● **Work required**
Reproduce exactly the entries from the "2016 BMW M5" line to the end. Skip all pictures.

::::::

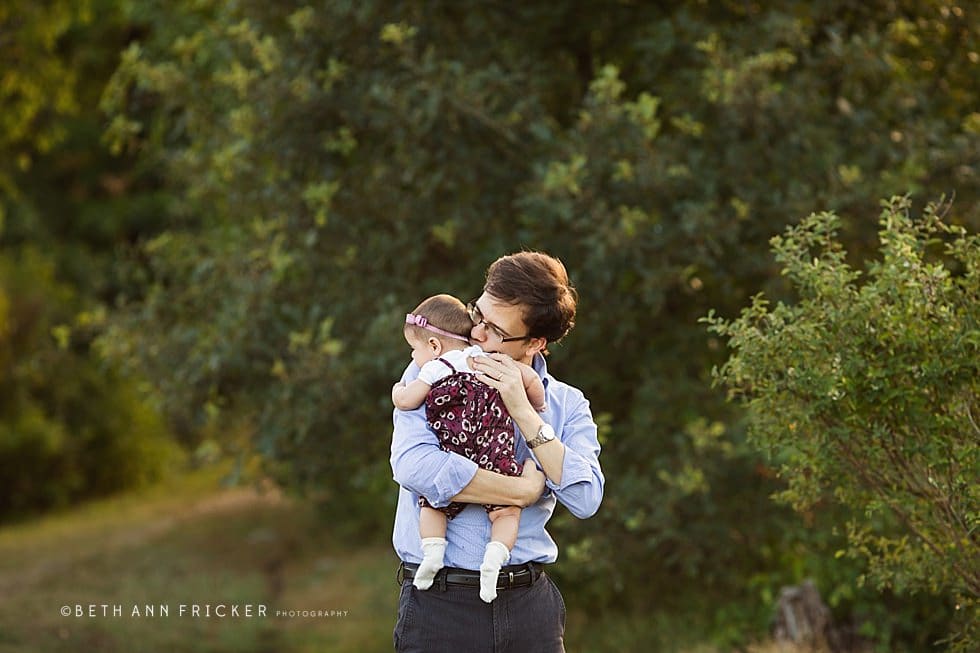 dad cuddling his daughter Somerville family Photographer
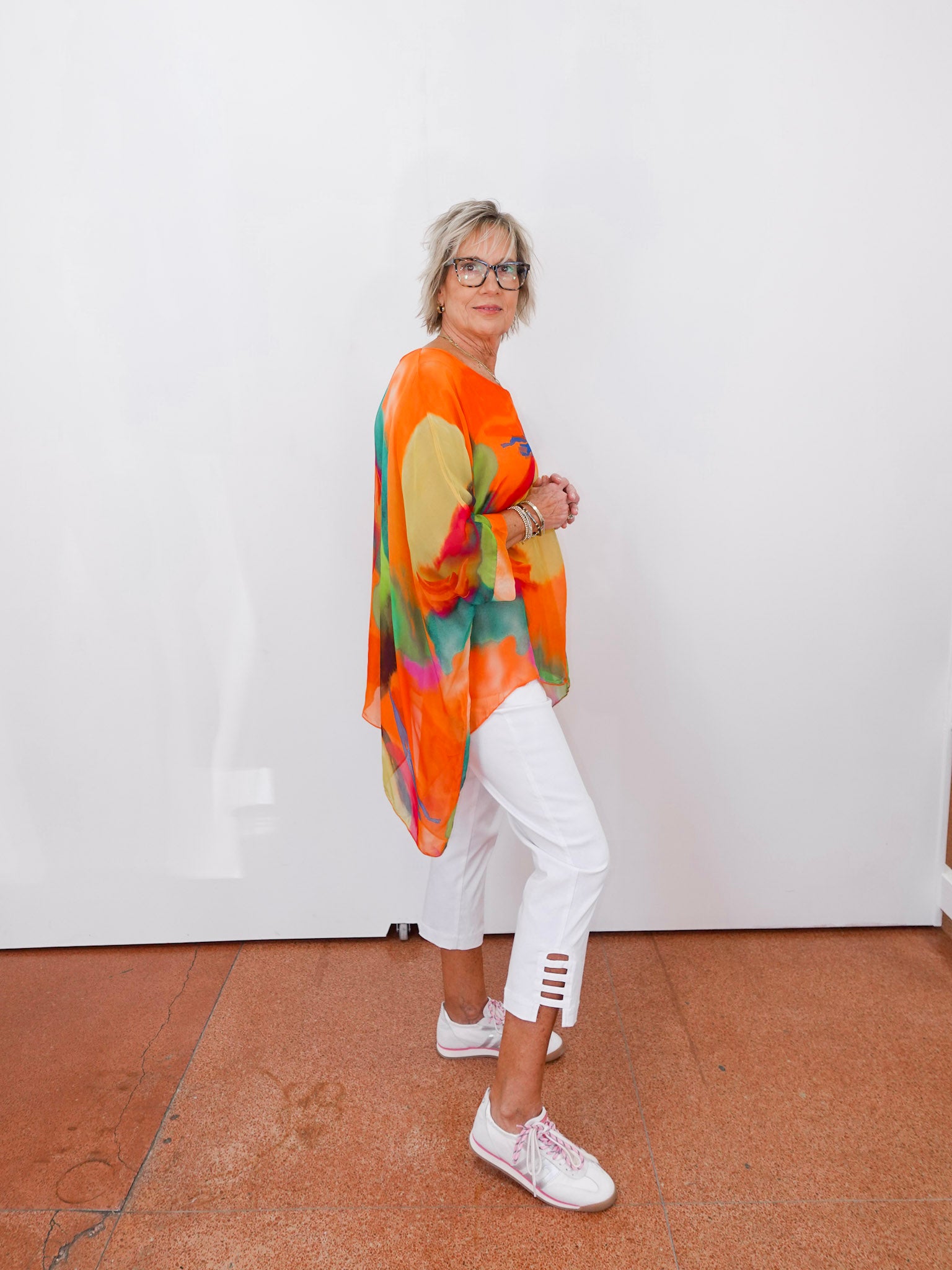 Person wearing a colorful kimono-style garment with white pants and shoes against a plain background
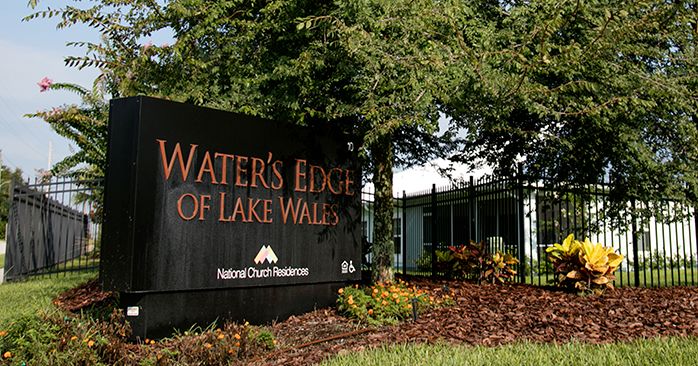 Entrance sign for Water's Edge of Lake Wales surrounded by trees and landscaping.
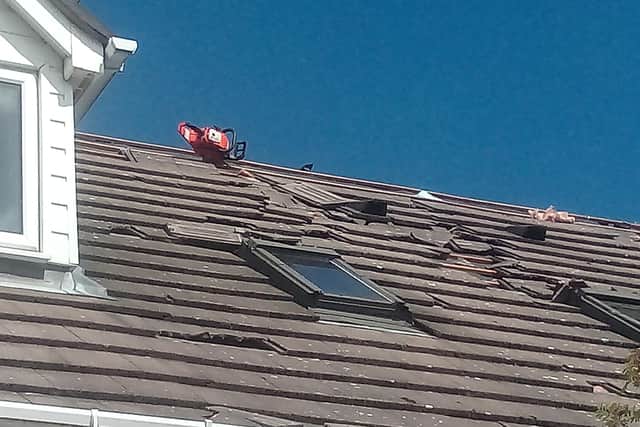 A chainsaw could be seen lodged in the roof of the property on Bradley Street in Crookes, Sheffield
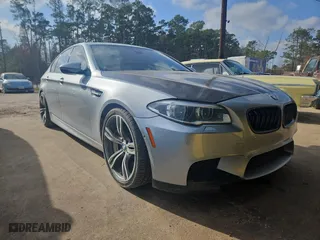 2016 BMW M5 with VIN WBSFV9C56GG343672, listed as a Copart auction lot 44406554 with 84,402 mi miles. Bid and sale history available at carsss.com. Image 1.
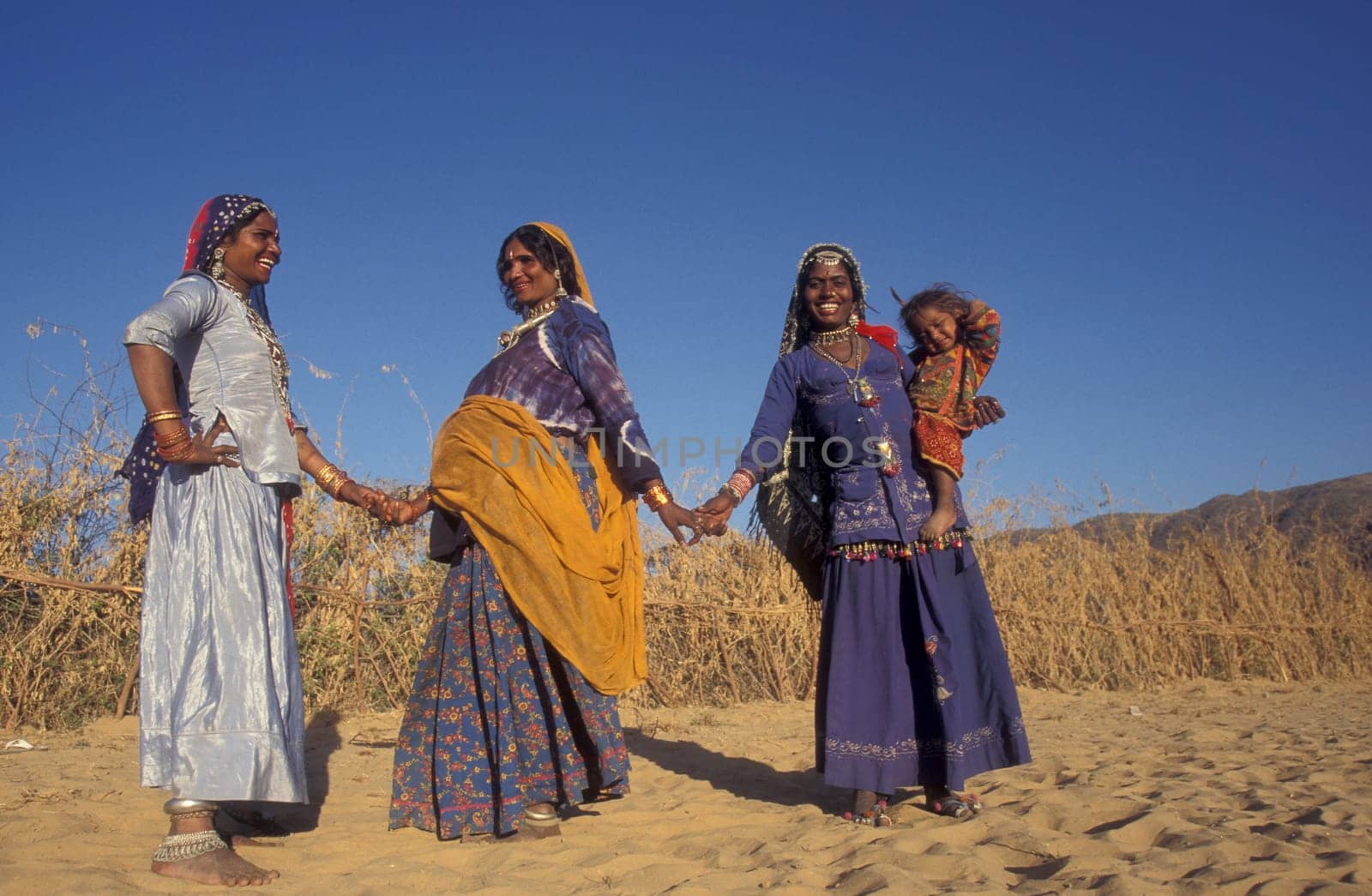 a portrait of a Rajasthani women with her Baby in the Town of Jaisalmer in the Province of Rajasthan in India.  India, Jaisalmer, January, 1998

::::::

● **Output for this task**
 2016 BMW M5 with VIN WBSFV9C56GG343672, listed as a Copart auction lot 44406554 with 84,402 mi miles. Bid and sale history available at carsss.com. Image 1.
 a portrait of a Rajasthani women with her Baby in the Town of Jaisalmer in the Province of Rajasthan in India.  India, Jaisalmer, January, 1998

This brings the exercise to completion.